Polónia, estão a ver?, aquele corredor de passagem para os apetites dos dois vizinhos, um deles sendo o russo. Pronto, o espectador já ficou a saber que aquele rapaz que vai morrer careca de radioactivo num hospital londrino, lá mais para a frente no filme, tem um ogre moscovita à espreita. E para não haver dúvidas de que o filme é de terror, outra reconstituição histórica: Irena, a filha de Maria, cientista como os pais, vai morrer de cancro depois de uma proveta de Polónio explodir no seu laboratório.
Vamos, então, para os tempos modernos. Alexander Litvinenko é um agente secreto. Secreto no sentido extremo do termo, porque ele é russo, pertenceu àquele KGB que formou, entre outros, Vladimir Putin. Como este, Litvinenko tinha daqueles olhos cinzentos que nos desmentem toda a produção de Hollywood sobre a matéria: sim, é possível ser espião e ser muito, muito inteligente.
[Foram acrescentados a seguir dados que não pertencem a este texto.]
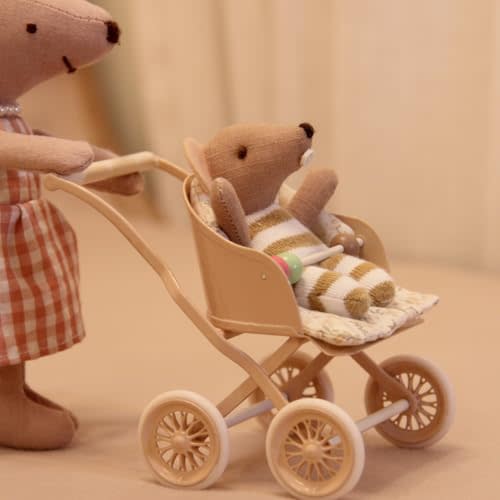 Funky Mini House Miniature Rolling Dollhouse Doll Stroller with Movable Wheels, Retro Iron Doll Pram, 1/12 Scale Dollhouse Furniture (Pink)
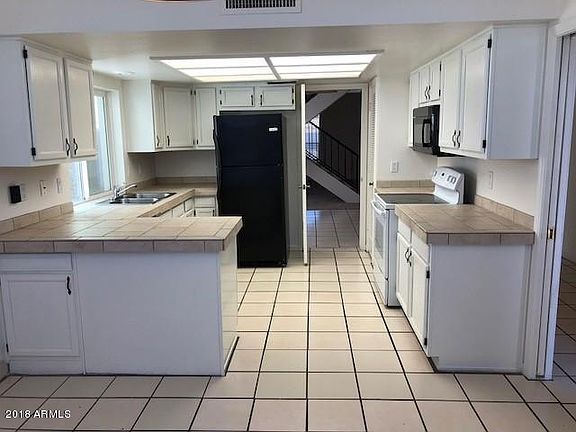 4th image of 2759 S Santa Barbara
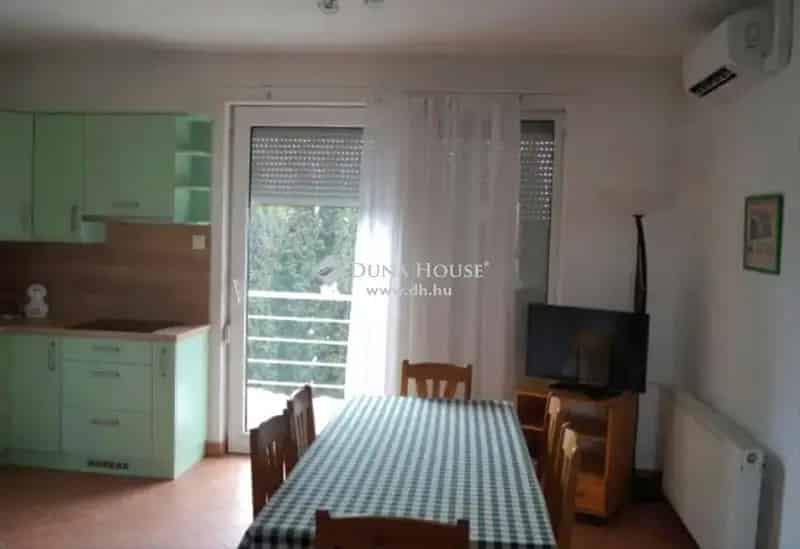 Bükön eladó apartmanház 7 lakással és beépíthető tetőtérrel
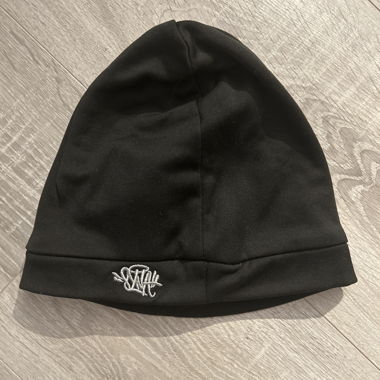 Syna World skully beanie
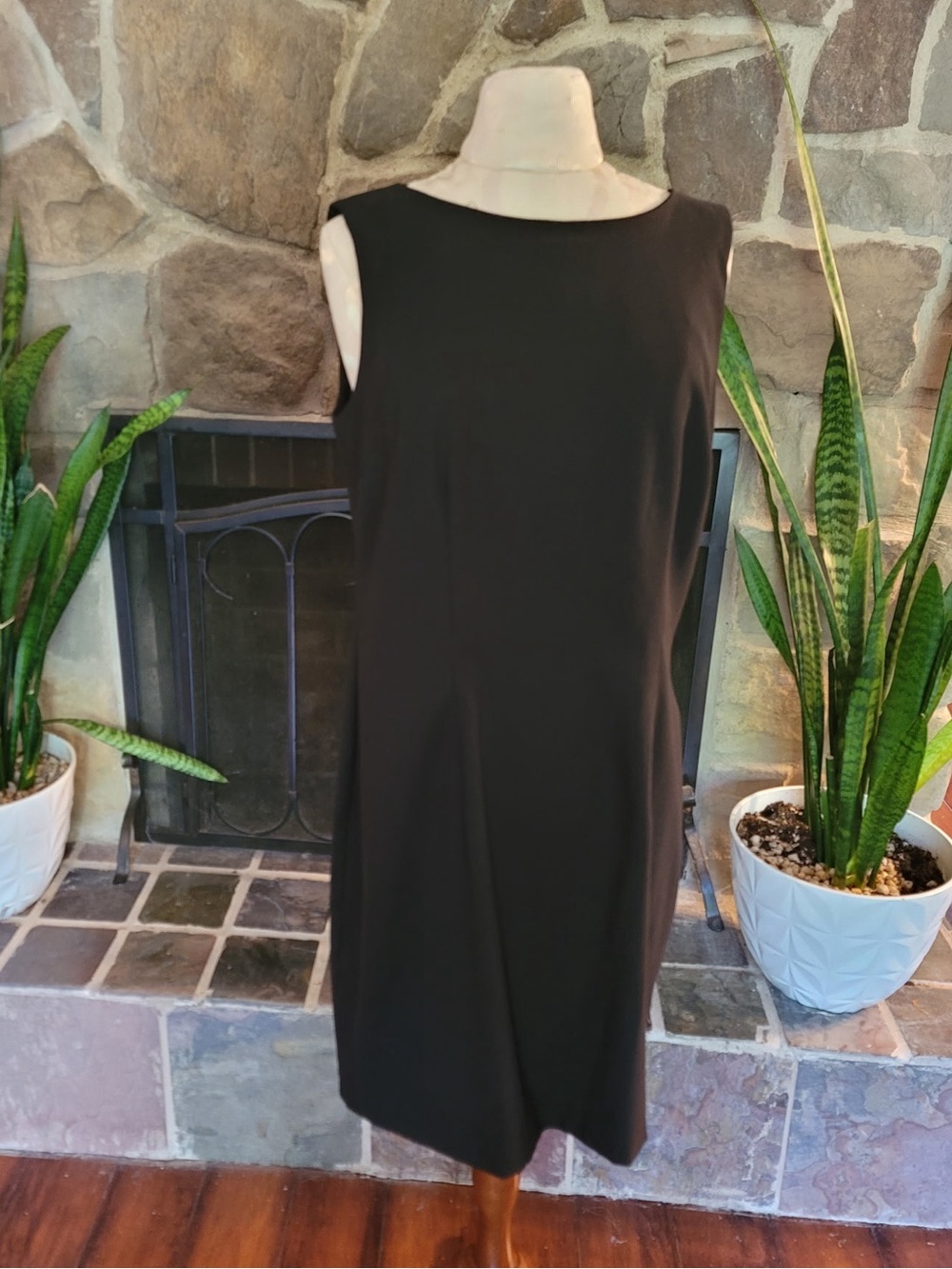 AB Studio Black Sheath Dress Sz 12 Sleeveless Scoop Neck LBD Cocktail Work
Já mais consentânea com a tradição, Marina, a sua mulher, é uma eslava loira e lábios polposos.
Litvinenko cortou com os antigos patrões e vai para a cidade mais russa do Ocidente. Londres, onde os russos multimilionários quando não estão a comprar clubes de futebol estão a conspirar contra Putin. Litvinenko dá-se, evidentemente, com todos esses multimilionários até porque os capitalistas russos são ex-colegas, fizeram antes um tirocínio no KGB. Alexander Litvinenko corre oito quilómetros por dia (Putin continua a fazer judo) e interessa-se pela Tchetchénia ou jornalistas abatidos. Os russos vão voltar a ter grandes romancistas, porque têm histórias: aquele é o povo que mais cuida do corpo e das coisas do espírito.
Um dia, Litvinenko vai comer sushi ao restaurante Itsu, em Picaddily, e tem um encontro no Hotel Millennium. A partir daí, o enredo anda a galope e ele cai na cama do hospital. As autoridades sanitárias reconhecem que ele foi envenenado. Pouco antes de ele morrer, a causa é detectada: o raríssimo Polónio-210. Não vos vou contar o filme todo. Mas deixo-vos com esta incógnita: o Itsu fecha com o escândalo ou torna-se restaurante da moda?